Menurutnya, ekonomi tahun depan perlu digenjot agar tumbuh 5,8- 5,9 persen (year on year/yoy) demi mencapai target 8 persen.
“Supaya kita punya batu loncatan untuk mengejar 6–7 persen, kemudian ke 8 persen. Kekurangan (belanjanya) berapa? Itu masih kurang Rp300 triliun,” ujar Drajad dalam kegiatan Indonesia Future Policy Dialogue di Jakarta, Rabu (9/10/2024).
1. Hampir 45 persen pendapatan negara untuk bayar utang pada 2025

Drajad menjelaskan, pemerintah menyusun pendapatan negara tahun depan menyentuh Rp3.005,1, dan belanja negara Rp3.621,3 triliun.
Sementara itu, utang jatuh tempo pada tahun depan mencapai Rp800,33 triliun, dengan bunga utang sebesar Rp552,854 triliun, sehingga totalnya mencapai sekitar Rp1.353 triliun. Jumlah tersebut mencakup 45 persen dari pendapatan negara 2025.
Ia mengatakan, pembayaran utang dalam APBN 2025 berpotensi menyedot anggaran yang signifikan. Sehingga ruang fiskal untuk belanja lainnya, seperti infrastruktur dan pelayanan publik menjadi semakin sempit.
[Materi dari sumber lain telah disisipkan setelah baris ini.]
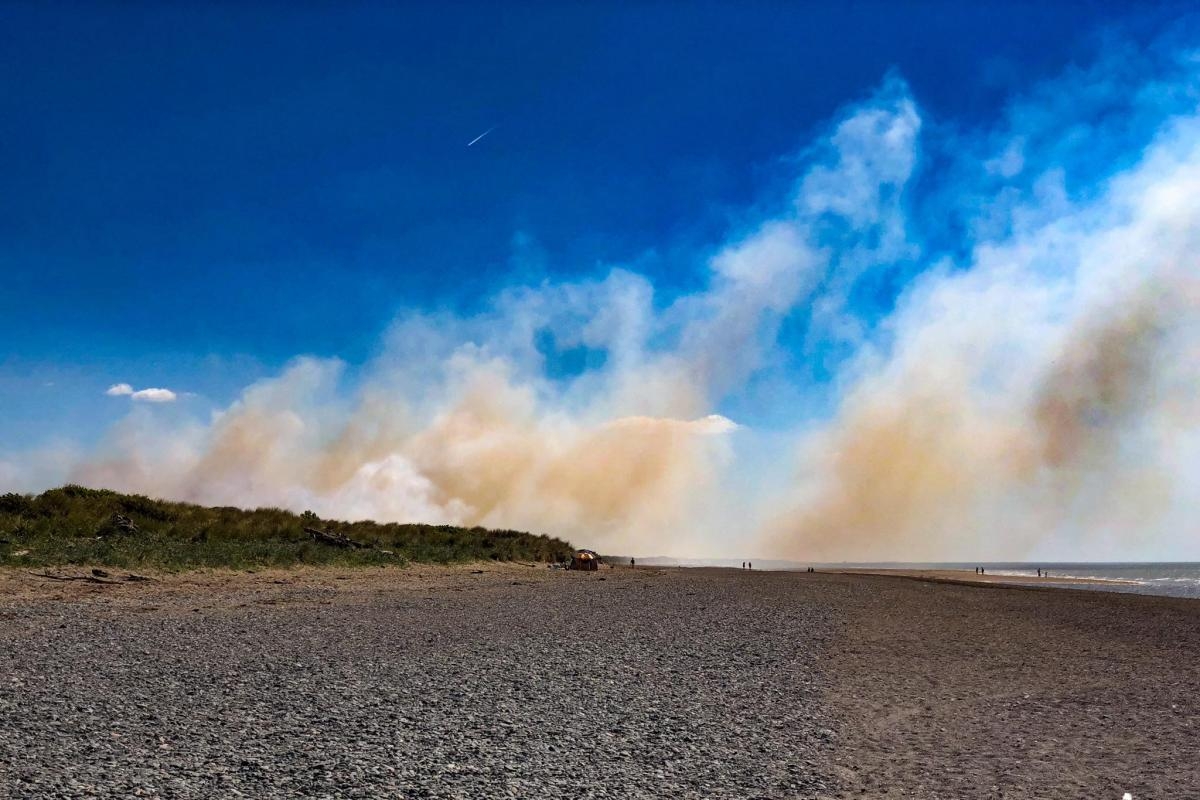 Residents help fire crews tackle large wildfire in West Cumbrian town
“Jadi, 45 persen dari total pendapatan negara, baik yang berasal dari pajak maupun bukan pajak digunakan untuk membayar pokok dan bunga utang. Lalu, di mana ruang fiskalnya?” ujar dia.
2. Pembentukan BPN menjadi penting untuk tarik penerimaan negara

Dengan kondisi ini, Drajad berpendapat, urgensi pembentukan Kementerian atau Badan Penerimaan Negara (BPN) menjadi lebih tinggi. Meski saat ini BPN masih belum banyak didiskusikan. Nantinya, BPN dirancang untuk mengandung tiga unsur transformasi, yakni transformasi kelembagaan, teknologi, dan kultur.
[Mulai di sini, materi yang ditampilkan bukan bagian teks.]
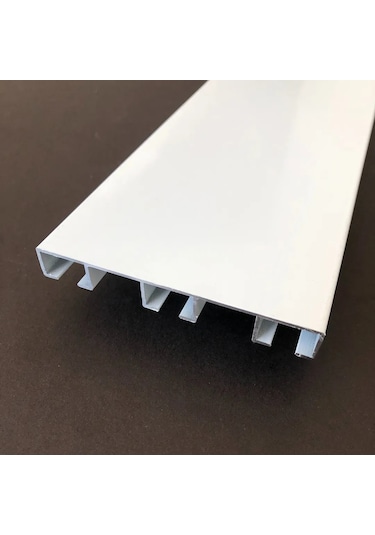 Üç Kanallı 210cm Alüminyum Beyaz Perde Rayı 80mm Kalın Üçlü Korniş Beyaz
Ia mengakui pembentukan BPN tidak serta merta mengerek pendapatan negara dalam waktu singkat, namun akan mengakselerasi transformasi itu.
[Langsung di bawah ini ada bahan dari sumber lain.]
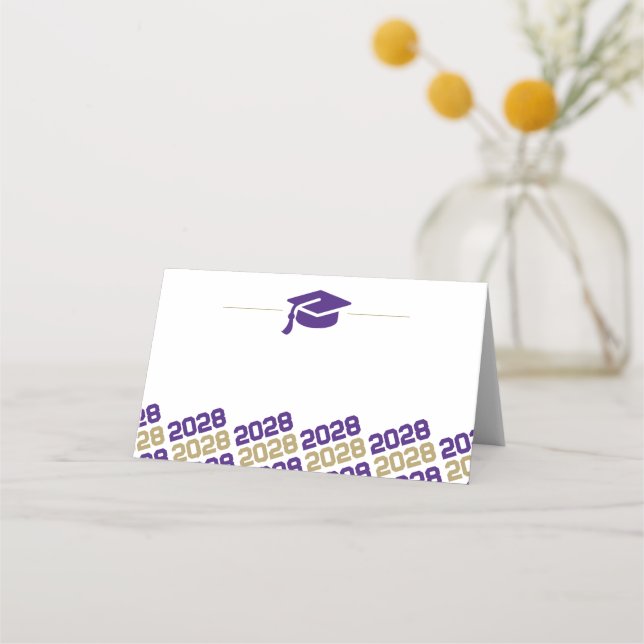 Carte De Placement Étiquette pliable de chapeau de graduation Or Viol (Dos)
3. Bunga utang dan utang jatuh tempo persempit ruang fiskal

Peneliti Center of Trade, Industry, Investment Institute for Development of Economics and Finance (Indef) Ariyo Irhamna mengatakan, kewajiban pembayaran utang jatuh tempo pada 2025 bakal mempersempit ruang gerak fiskal pemerintahan Prabowo.
"Pembayaran bunga utang mengalami peningkatan sangat besar sejak 2022 yang secara proporsi menjadi belanja pemerintah terbesar kedua setelah belanja lain-lain," ujar Ariyo dalam diskusi di Jakarta, belum lama ini.
Proporsi tingginya pembayaran beban utang di atas belanja modal, belanja barang, belanja pegawai sudah terjadi sejak 2020. Hal ini menjadi alarm untuk pemerintah dan membuat ruang fiskal 2025 semakin terbatas untuk periode pemerintahan yang baru.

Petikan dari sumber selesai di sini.